I bought my Nikon 1 V1 after a lengthy conversation with a colleague, who had recently tested one in Africa. He, too, has a Coolpix P7000 and a Canon G12, and he said that after using the V1, he’ll never touch either of those cameras again. I had a family trip to Disneyland coming up, and I wanted to get good shots but also travel light. I figured it would be the perfect opportunity to test the V1, so I went ahead and bought one from B&H, along with three lenses, the 10mm f/2.8 “pancake,” the 10-30mm VR zoom, and the 30-110mm VR zoom. I also picked up the accessory Speedlight, SB-N5.

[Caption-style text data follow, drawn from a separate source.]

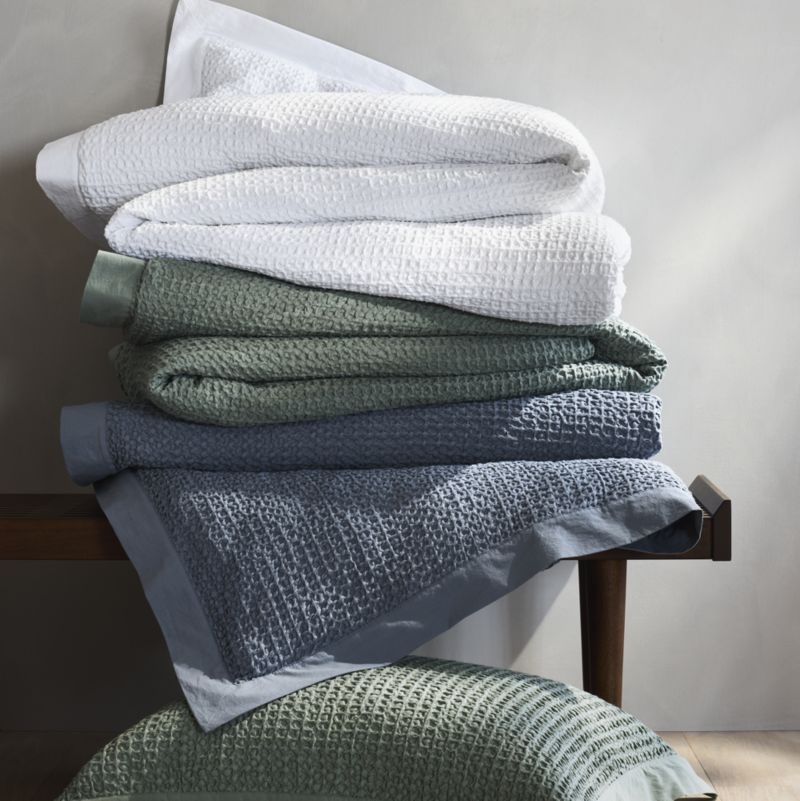 Organic Cotton Waffle Sage Shadow Green King Bed Pillow Sham - Image 4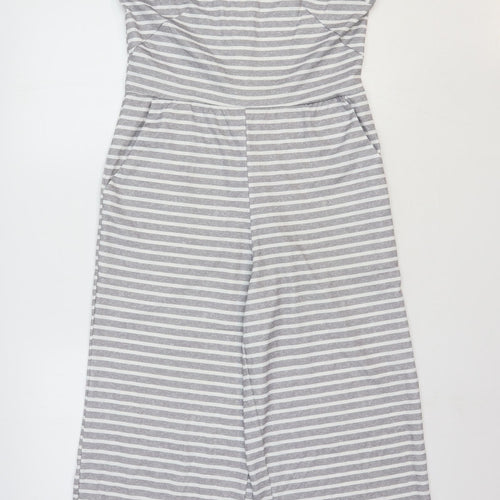 Preworn Womens Grey Striped Polyester Playsuit One-Piece Size S Zip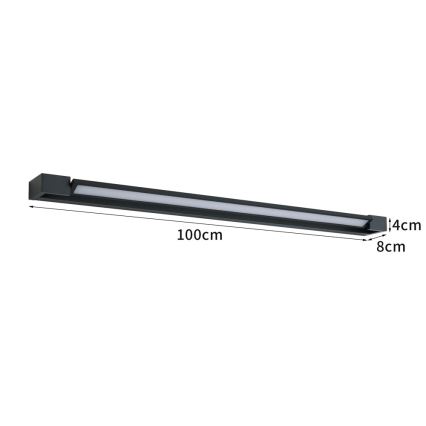 BRILAGI - LED utevägglampa AQUA LINE LED/28W/230V 100 cm IP44 svart CRI 90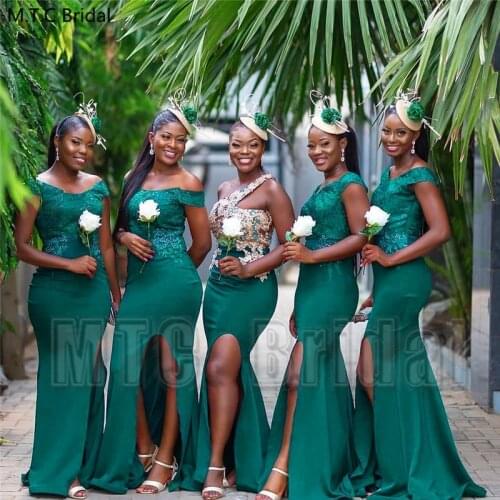 New Green Long Plus Size African Bridesmaid Dresses With Slit V Neck Beads Lace Mermaid Black Girl Wedding Party Dress Wholesale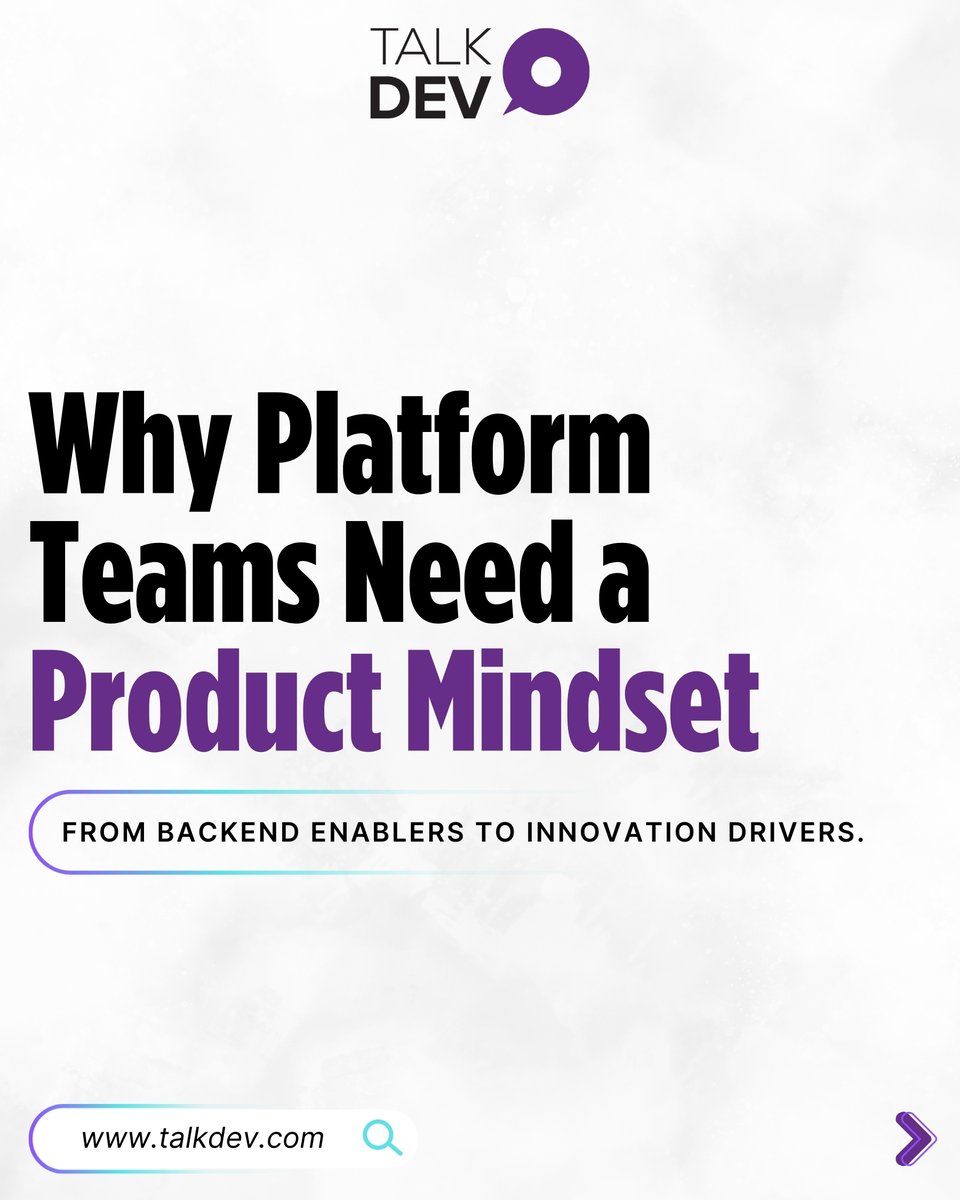 "Great platforms aren’t built they’re designed like great products."
A product mindset in platform engineering means: ✅ User‑first design 
✅ Impact‑driven priorities 
✅ Measured by adoption 
✅ Built on trust

Full article: talkdev.com/featured/why-p…

#PlatformEngineering #DevOps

The first thing I noticed about the V1 was its diminutive size. With the 10mm pancake lens attached, it really isn’t any larger than my P7000. The two zoom lenses are very small, but certainly larger than any traditional zoom point and shoot. However, I’m guessing that an APS-C based design would be significantly larger than the V1, which can fit into a large coat pocket without much trouble. When you remove a lens from the V1, you’ll see the image sensor exposed. This is due to the mirrorless design of the camera.
Controls and Settings
After I charged up the EN-EL 15 battery (the same Li-ion battery used by the Nikon D7000 DSLR), I familiarized myself with the camera’s controls. Because the V1 is designed with the “casual” user in mind, The rear control dials only offer access to a few settings. The other settings are in the software menus. The top of the camera has two buttons: a dedicated still image shutter release and a dedicated video mode shutter release (with a red dot on it). At first, this arrangement takes getting used to, but the idea is that you can capture a still or a video regardless of whether the camera is set to still mode or video mode, just by using the alternate release button. If you toggle shooting this way, you won’t get the same image or video quality options as you will when in a dedicated shooting mode. In Video Capture mode, you can capture 1080/60i video (using the video button) or grab JPEG stills with a 16:9 aspect ratio with the standard shutter button. In Still Image mode, you’ll be limited to shooting video at 1072×720 resolution.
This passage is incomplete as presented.